Acute appendicitis is one of the most common diseases requiring surgery seen in patients admitted through the Emergency Department. Approximately 7% of people will be affected by this problem and, although it is most common in teenagers, it is seen in people of any age, from little babies through to people in their 90’s.
The appendix is a small worm shaped extension of the first part of the large bowel (the caecum). Acute appendicitis begins when the appendix becomes blocked at its opening to the bowel, the contents of the appendix do not adequately drain and the worm-shaped organ begins to swell. Eventually, the pressure inside the appendix builds up and the ability of the tiny blood vessels to supply the tissue with oxygen from the blood is compromised and the appendix can become gangrenous. If this occurs then the appendix will eventually perforate, or burst, and this will make the sufferer even more sick.

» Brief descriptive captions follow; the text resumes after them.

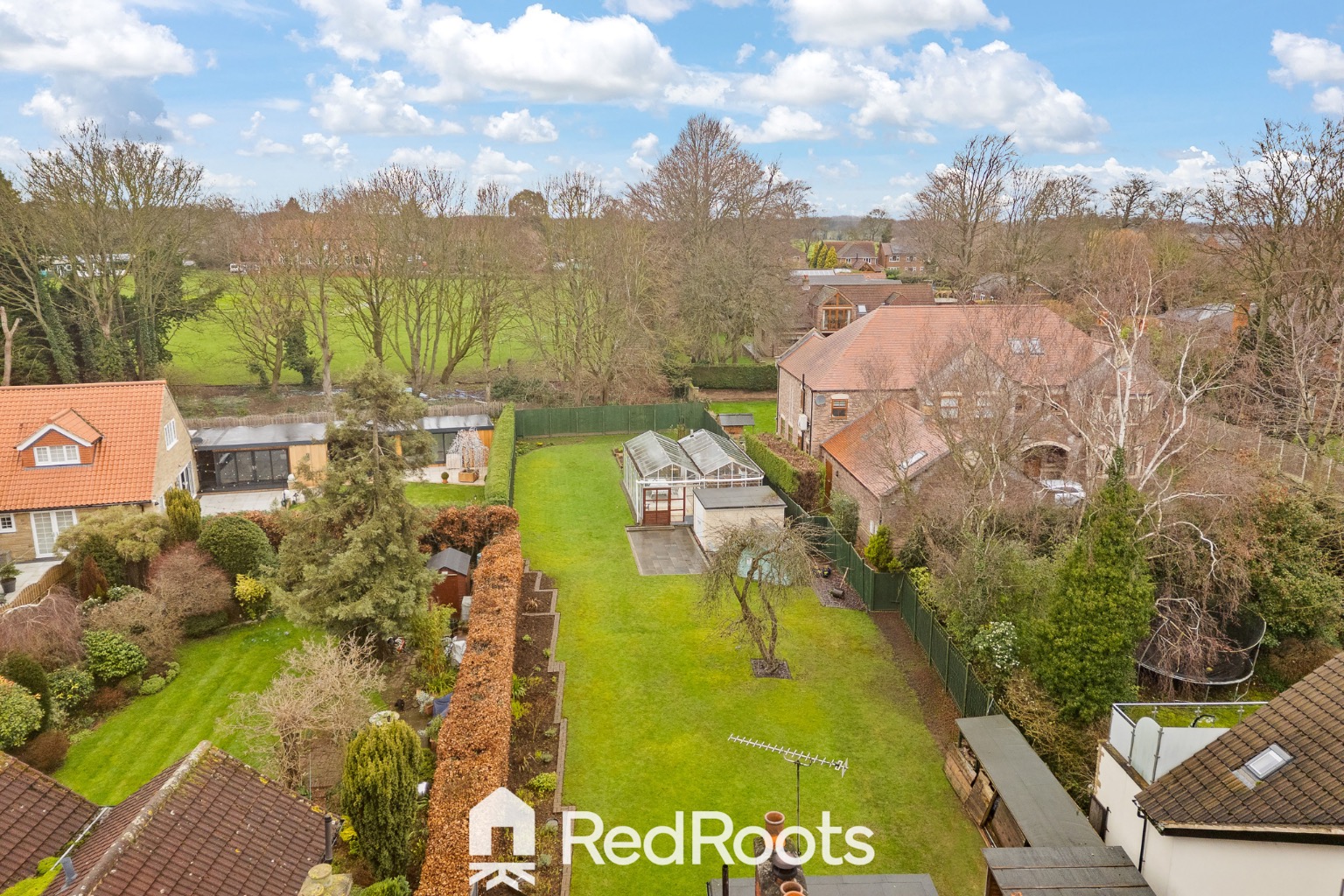 4 bed semi-detached house for sale in The Rigg, Park Drive, Sprotbrough, Doncaster, South Yorkshire, DN5  - Property Image 2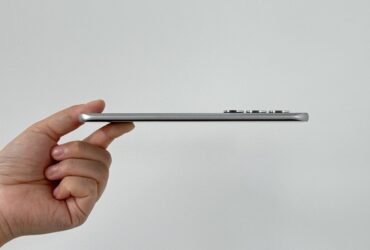 Galaxy S25 Edge رقیب برای شکستن رکورد جهانی در حالی که شبیه تلفن های Edge قدیمی تر است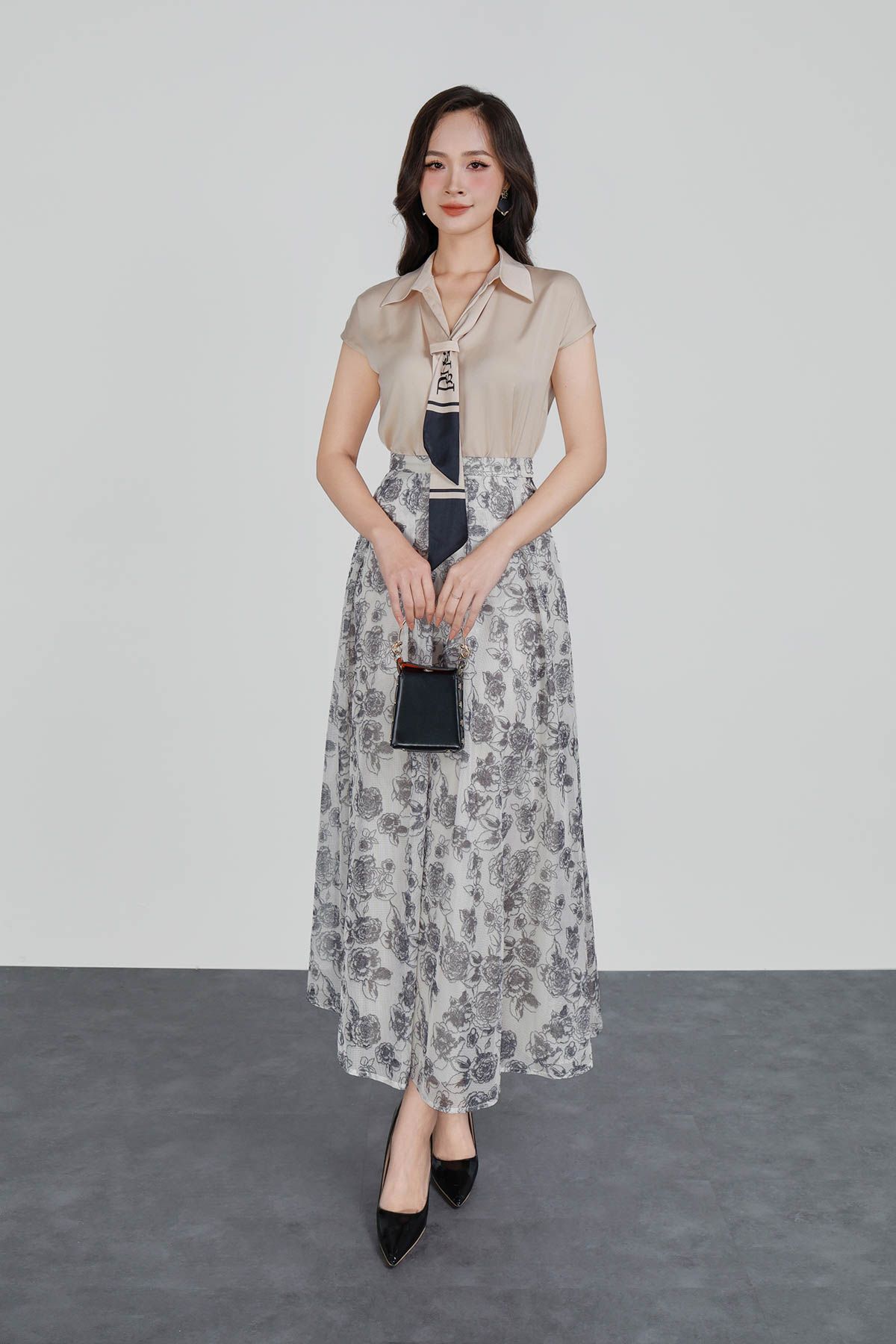 FJD51124 - Chân váy công sở vải lưới dáng xòe có lót vải habutai xếp li bong khóa thân sau - PANTIO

Typical symptoms of appendicitis come on over 6-24 hours, but are sometimes a little faster or slower. Symptoms tend to include generalised abdominal pain which localises to the right lower corner of the abdomen. Other symptoms include a loss of appetite, fevers, loose bowels and feeling generally unwell. Children (and adults) often report that the pain is worst with sudden movement such as going over bumps in the car.
The only proven treatment for appendicitis is surgery, which is typically performed by laparoscopy (keyhole surgery), although a traditional open operation is sometimes better in small children. There is some evidence that, in certain circumstances, appendicitis may be managed with antibiotics alone, however, there are reasonably high early and delayed failure rates and identifying which patients may get better with antibiotics alone remains a challenge. The standard of care in Australia remains surgery however you may discuss your treatment options with your surgeon. Most people go home the day after their operation.